**Task to carry out**
For this exercise, output exactly and only the lines running from the one with "หมู่บ้านไพโรจน์, Samut Prakan, Bangphli" through the final line of the data below, without pictures.

Excerpts from a dataset
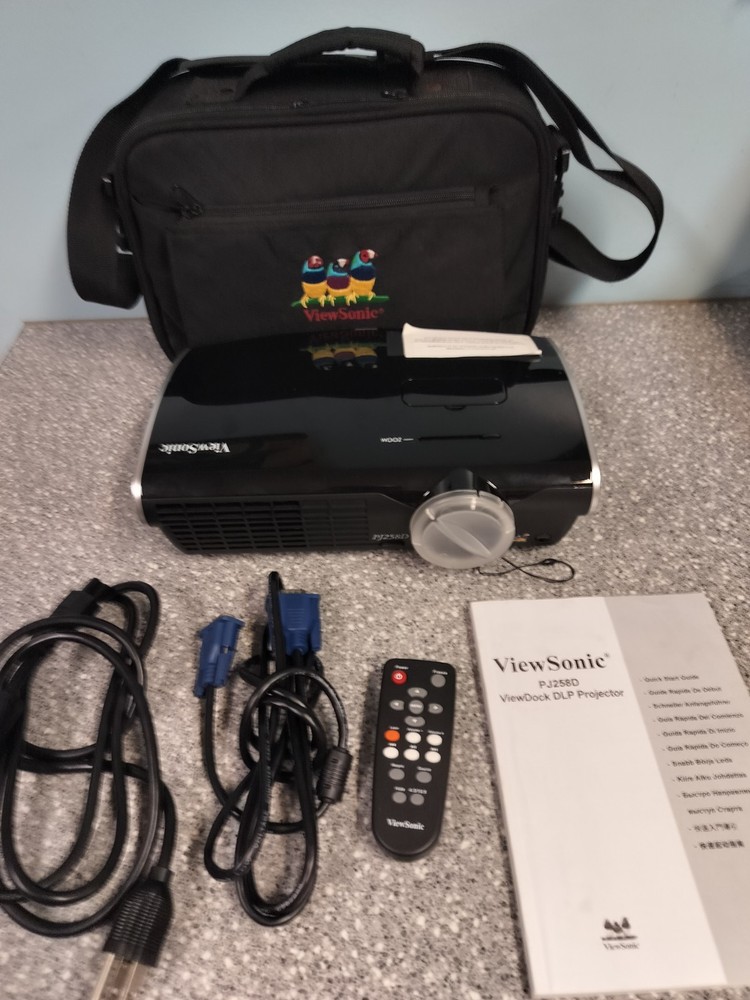 ViewSonic PJ258D Projector w/Case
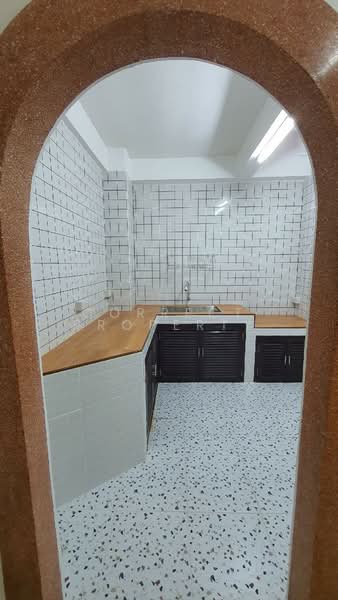 หมู่บ้านไพโรจน์, Samut Prakan, Bangphli Yai, Bang Plee, Samut Prakan, 4 Bedrooms, 250 sqm, Townhouse For Rent, by Correct Property, 500158803 - DDproperty.com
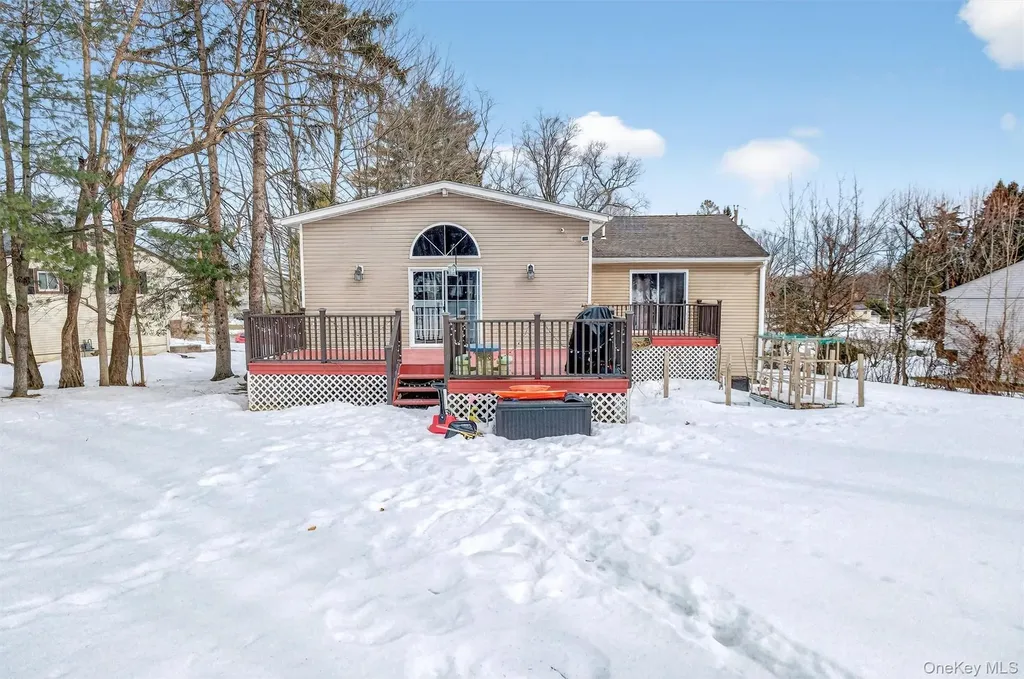11 Darlene Drive Poughkeepsie NY 12601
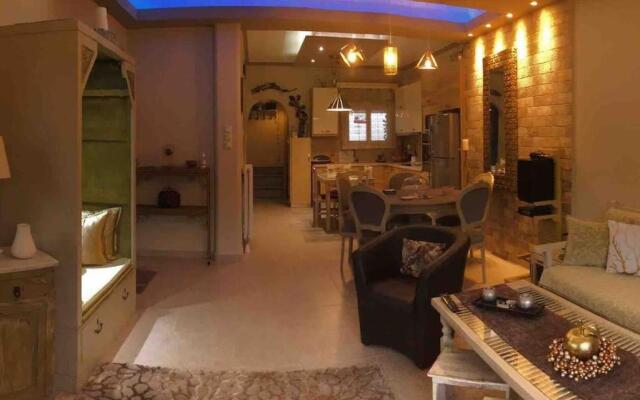 Corner House Volos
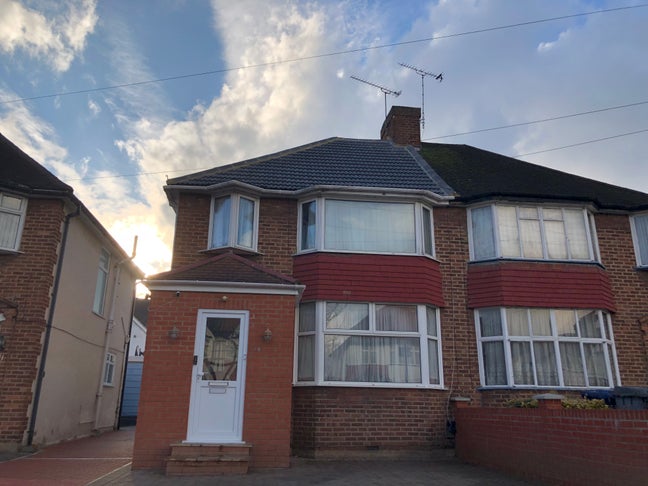 Furnished Double Rm, Colindale, house share £900/m Main Photo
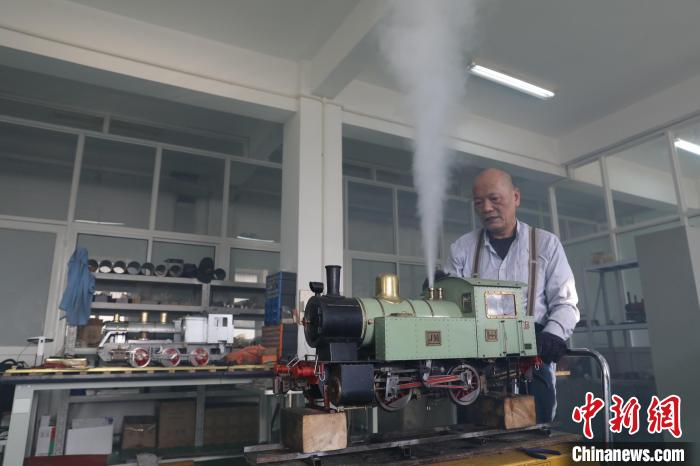 历时14个月上万道工序上海“爷叔”手工打造蒸汽小火车登上拍卖台
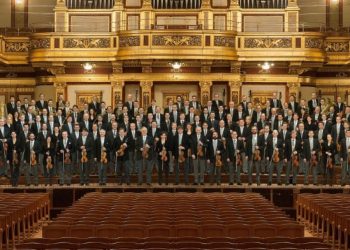 Klassik_Wiener-Philharmoniker_br_©-Lois-Lammerhuber_festspielhaus baden baden_szenik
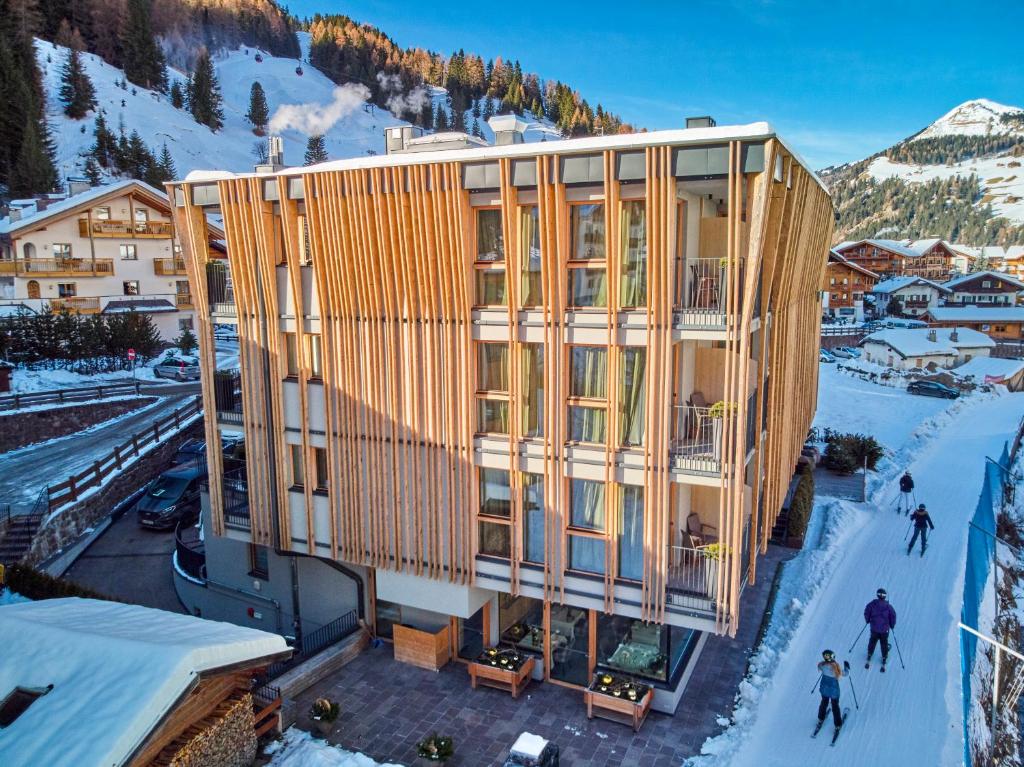 Nespecifikovaný výhled na hory nebo výhled na hory při pohledu z hotelu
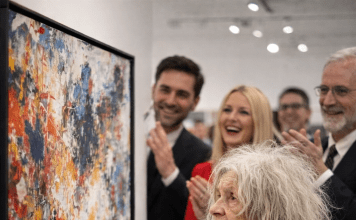 Pustio sam beskućnicu u moju galeriju, koju su većina ljudi ignorisali. Prišla je jednoj od slika i tiho rekla: „Ovo je moje.“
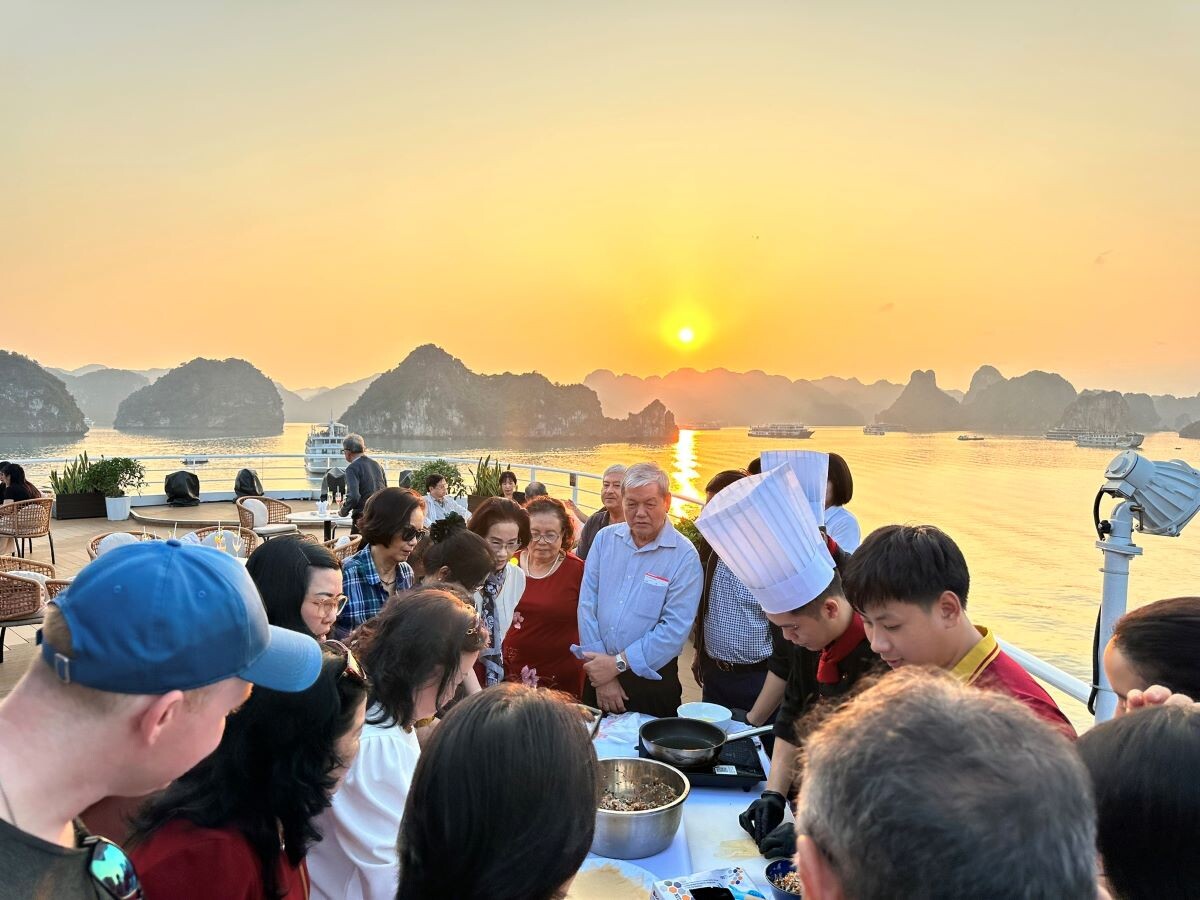 Halong Bay Ultra Luxury Experience (04)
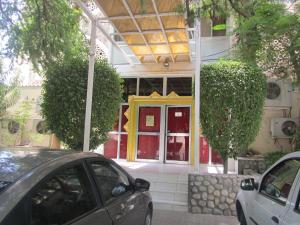 Η πρόσοψη ή η είσοδος του Qurum Beach Hotel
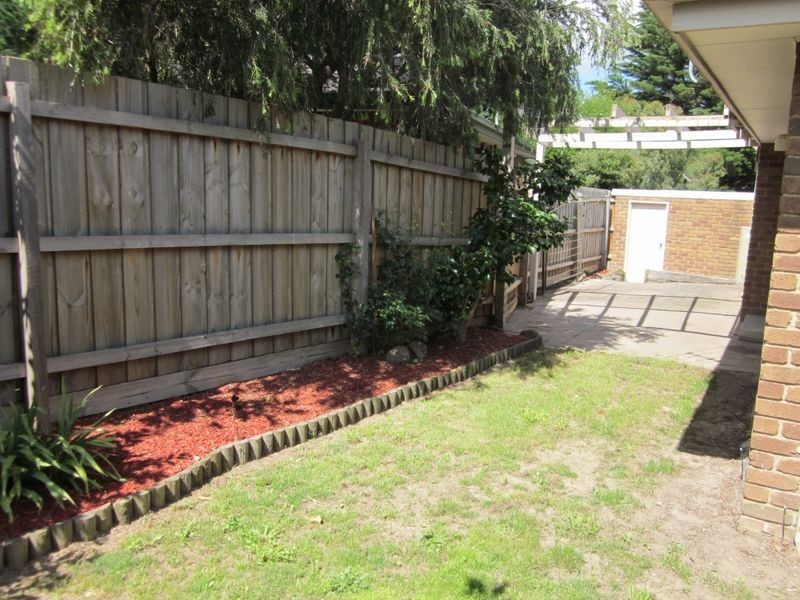 1/74 Collins Crescent, Berwick VIC 3806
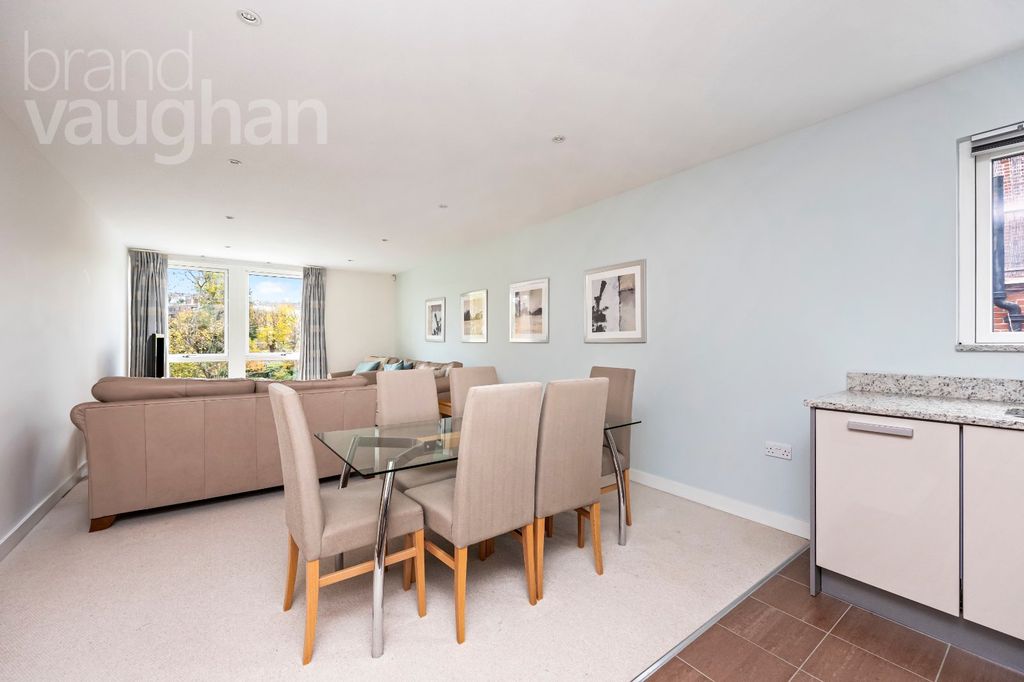 Property photo 2 of 27 Picture No. 12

**Answer for the task**
 หมู่บ้านไพโรจน์, Samut Prakan, Bangphli Yai, Bang Plee, Samut Prakan, 4 Bedrooms, 250 sqm, Townhouse For Rent, by Correct Property, 500158803 - DDproperty.com
11 Darlene Drive Poughkeepsie NY 12601
 Corner House Volos
 Furnished Double Rm, Colindale, house share £900/m Main Photo
 历时14个月上万道工序上海“爷叔”手工打造蒸汽小火车登上拍卖台
 Klassik_Wiener-Philharmoniker_br_©-Lois-Lammerhuber_festspielhaus baden baden_szenik
 Nespecifikovaný výhled na hory nebo výhled na hory při pohledu z hotelu
 Pustio sam beskućnicu u moju galeriju, koju su većina ljudi ignorisali. Prišla je jednoj od slika i tiho rekla: „Ovo je moje.“
 Halong Bay Ultra Luxury Experience (04)
 Η πρόσοψη ή η είσοδος του Qurum Beach Hotel
 1/74 Collins Crescent, Berwick VIC 3806
 Property photo 2 of 27 Picture No. 12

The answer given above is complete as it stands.